Academic researchers have drawn a useful distinction between intuitive and deliberative thinking. The first is guided by instinctual reactions and rules of thumb acquired from personal experience, and it does not require extensive time or analytics for reaching closure. By contrast, deliberative thinking gives greater attention to reasoned analysis and complex protocols before choosing among alternative courses of action. Psychologist Daniel Kahneman captured the differences between the two mental models in his book, Thinking, Fast and Slow, and in our interviews with directors and executives of the large publicly traded firms we heard this distinction repeatedly drawn out as they described their frameworks for anticipating disruptive events and responding to them. They stressed moving toward the more deliberative side with an emphasis on thinking strategically, detailing analytically, and seeing longer term.18

Intuitive or tactical thinking works well when directors have good data and insight from past experience on the possible outcomes of their firm's varied options, and when complexity is low, as in a period of normalcy. But it is less effective when companies face disruptive events since they have rarely or never been experienced before and their impact is typically multifaceted. We know, for instance, that there is a resulting tendency for those thinking intuitively to underestimate risk prior to a disaster and then overestimate it afterwards. Hence, the more analytic and systematic methods associated with deliberative thinking can better direct a board's attention to the complex sequences and consequences that characterize low-probability but high-impact setbacks. Governing boards are exceptionally well positioned by virtue of their oversight charter to think deliberatively and thus provide strategic guidance to executives seeking to manage company risks. The challenge for directors is to embrace that thinking before being compelled by necessity to incorporate it.

Company executives can play an enabling role in strengthening deliberative thinking in the boardroom by knowing what to bring to directors and what not. The chief executive of a discount retail chain, for instance, warned that there was a cost in taking too many hazards to the board. At first, he had carried a lengthy list of its risks into board meetings. But both directors and the CEO found, in his words, that “there is no way the board can ever deal with all those issues.” Several million customers passed through the retailer's stores every day, and though the risks of shoplifting should thus not get on the board's agenda, protecting the privacy of its 78 million credit card holders should be.
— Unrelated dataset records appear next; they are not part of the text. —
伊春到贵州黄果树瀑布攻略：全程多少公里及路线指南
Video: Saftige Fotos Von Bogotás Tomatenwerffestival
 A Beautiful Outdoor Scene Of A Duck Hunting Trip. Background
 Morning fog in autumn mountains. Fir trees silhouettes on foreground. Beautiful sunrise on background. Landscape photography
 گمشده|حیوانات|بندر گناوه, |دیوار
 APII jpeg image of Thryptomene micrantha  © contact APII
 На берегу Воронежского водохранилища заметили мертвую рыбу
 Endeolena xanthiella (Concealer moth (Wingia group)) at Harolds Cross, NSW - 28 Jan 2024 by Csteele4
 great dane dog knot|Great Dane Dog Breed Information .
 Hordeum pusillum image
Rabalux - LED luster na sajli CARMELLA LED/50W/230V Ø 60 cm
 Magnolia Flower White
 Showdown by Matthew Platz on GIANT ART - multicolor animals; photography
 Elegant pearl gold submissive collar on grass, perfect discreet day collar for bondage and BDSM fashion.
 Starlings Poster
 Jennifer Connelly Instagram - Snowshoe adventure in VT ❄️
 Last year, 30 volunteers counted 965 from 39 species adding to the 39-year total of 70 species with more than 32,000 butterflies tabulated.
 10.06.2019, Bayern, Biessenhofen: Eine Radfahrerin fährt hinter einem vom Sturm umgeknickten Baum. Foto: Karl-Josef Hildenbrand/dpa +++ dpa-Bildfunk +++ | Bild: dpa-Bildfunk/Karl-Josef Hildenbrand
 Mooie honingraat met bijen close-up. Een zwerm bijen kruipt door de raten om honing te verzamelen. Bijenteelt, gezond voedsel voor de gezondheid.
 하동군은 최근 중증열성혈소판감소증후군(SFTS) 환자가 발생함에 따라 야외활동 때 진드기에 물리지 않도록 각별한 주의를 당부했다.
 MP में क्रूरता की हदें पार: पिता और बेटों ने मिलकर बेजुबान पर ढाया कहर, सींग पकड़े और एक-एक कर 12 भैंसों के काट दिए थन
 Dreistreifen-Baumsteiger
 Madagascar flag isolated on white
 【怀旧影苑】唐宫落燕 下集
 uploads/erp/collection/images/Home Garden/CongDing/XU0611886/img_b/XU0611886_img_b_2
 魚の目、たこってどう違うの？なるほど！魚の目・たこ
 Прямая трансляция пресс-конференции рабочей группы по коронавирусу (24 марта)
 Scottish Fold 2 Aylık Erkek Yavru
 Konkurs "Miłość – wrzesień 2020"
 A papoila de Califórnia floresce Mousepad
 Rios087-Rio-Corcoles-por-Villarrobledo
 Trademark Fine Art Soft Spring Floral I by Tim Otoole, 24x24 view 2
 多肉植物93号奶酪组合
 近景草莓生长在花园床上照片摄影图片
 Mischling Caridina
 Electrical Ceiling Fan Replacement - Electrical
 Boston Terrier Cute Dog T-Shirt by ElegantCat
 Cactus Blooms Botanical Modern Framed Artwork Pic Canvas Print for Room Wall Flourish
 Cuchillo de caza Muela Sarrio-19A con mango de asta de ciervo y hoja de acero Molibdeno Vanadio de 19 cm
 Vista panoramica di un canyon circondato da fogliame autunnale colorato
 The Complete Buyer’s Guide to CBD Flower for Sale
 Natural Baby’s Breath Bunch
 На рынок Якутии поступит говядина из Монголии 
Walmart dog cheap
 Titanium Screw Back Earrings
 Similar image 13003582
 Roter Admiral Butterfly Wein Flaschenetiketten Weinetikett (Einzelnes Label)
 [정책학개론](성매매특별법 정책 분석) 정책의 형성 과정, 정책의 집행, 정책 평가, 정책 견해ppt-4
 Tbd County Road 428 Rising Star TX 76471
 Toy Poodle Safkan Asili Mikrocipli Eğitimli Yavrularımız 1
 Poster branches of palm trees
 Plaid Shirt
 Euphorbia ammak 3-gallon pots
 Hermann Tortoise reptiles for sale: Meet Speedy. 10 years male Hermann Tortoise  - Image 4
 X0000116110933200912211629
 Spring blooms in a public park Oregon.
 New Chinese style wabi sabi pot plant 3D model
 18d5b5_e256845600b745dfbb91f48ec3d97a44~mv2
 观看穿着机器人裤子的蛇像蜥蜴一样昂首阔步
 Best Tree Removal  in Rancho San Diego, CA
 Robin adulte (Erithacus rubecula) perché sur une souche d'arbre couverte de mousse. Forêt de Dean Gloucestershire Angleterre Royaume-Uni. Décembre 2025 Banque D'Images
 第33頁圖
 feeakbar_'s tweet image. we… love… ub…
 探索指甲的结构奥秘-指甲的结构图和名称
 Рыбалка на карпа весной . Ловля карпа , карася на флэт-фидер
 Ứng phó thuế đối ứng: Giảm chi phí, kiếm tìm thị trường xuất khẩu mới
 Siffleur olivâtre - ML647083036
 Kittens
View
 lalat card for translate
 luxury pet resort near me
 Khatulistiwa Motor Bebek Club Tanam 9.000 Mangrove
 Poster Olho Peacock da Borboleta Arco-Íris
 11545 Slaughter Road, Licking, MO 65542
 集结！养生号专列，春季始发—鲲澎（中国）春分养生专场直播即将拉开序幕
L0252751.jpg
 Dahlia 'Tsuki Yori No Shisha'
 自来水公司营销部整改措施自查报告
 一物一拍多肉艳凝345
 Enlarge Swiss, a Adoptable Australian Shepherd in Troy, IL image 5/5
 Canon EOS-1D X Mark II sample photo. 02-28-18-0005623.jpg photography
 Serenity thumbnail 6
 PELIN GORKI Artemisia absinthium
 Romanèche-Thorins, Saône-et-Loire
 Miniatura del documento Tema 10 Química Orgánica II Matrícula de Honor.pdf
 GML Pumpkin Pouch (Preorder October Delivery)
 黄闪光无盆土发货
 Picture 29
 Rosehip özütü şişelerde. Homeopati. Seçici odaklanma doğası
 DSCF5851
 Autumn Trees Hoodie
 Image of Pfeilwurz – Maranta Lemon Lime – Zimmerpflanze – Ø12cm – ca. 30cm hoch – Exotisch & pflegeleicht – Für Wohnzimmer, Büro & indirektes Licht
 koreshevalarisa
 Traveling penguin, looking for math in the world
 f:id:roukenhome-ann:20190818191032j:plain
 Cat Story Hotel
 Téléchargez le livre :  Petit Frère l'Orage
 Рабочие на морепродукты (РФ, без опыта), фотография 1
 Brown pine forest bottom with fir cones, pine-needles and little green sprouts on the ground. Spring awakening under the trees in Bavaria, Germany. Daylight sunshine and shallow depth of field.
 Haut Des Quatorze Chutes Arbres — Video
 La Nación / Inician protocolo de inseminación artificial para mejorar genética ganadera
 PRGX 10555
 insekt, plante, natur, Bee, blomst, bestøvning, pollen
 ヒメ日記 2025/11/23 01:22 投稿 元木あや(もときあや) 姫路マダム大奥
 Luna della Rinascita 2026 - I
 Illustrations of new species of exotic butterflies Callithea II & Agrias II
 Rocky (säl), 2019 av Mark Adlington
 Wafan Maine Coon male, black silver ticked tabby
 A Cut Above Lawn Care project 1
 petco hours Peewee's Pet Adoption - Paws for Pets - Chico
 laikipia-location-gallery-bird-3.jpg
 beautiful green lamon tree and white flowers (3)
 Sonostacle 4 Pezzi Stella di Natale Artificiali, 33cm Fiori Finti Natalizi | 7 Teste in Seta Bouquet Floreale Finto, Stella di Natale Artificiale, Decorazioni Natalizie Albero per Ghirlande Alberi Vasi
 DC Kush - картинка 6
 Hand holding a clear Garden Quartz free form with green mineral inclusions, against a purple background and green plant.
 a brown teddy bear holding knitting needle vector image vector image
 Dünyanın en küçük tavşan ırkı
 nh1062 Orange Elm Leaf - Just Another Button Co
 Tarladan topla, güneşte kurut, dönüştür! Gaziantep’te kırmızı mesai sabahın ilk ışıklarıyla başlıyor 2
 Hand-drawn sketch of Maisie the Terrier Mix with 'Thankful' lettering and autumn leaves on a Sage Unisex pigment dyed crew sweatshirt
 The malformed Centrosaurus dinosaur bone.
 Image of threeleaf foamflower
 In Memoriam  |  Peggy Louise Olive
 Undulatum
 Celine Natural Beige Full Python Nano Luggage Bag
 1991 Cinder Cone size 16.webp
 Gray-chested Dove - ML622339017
Prioritizing was thus key: “If you try to worry about a thousand items on the risk list,” found the CEO, “I guarantee you that nothing is going to get attention.” As a result, from his experience he had learned to focus on just 15 to 20 risks that are really important and zero-in on them.

Company directors and executives generally affirmed that their boards had more deliberatively taken up risk management in recent years, two-thirds reporting that that uptake had come within the past seven years, often sparked by a disaster of their own or in their industry. BP's Deepwater Horizon oil spill in the Gulf of Mexico in 2010 had cost the company some $40 billion, for instance, and that led another energy company to elevate risk responsibility to the full board. Directors came to annually appraise the firm's risk-management practices in exploration, production, and retail operations. They focused on the firm's largest risks, actively reviewing the firm's appetite and tolerance, raising concerns about the firm's reputational risks in light of BP's debacle, and providing counsel when the firm confronted a crisis of its own.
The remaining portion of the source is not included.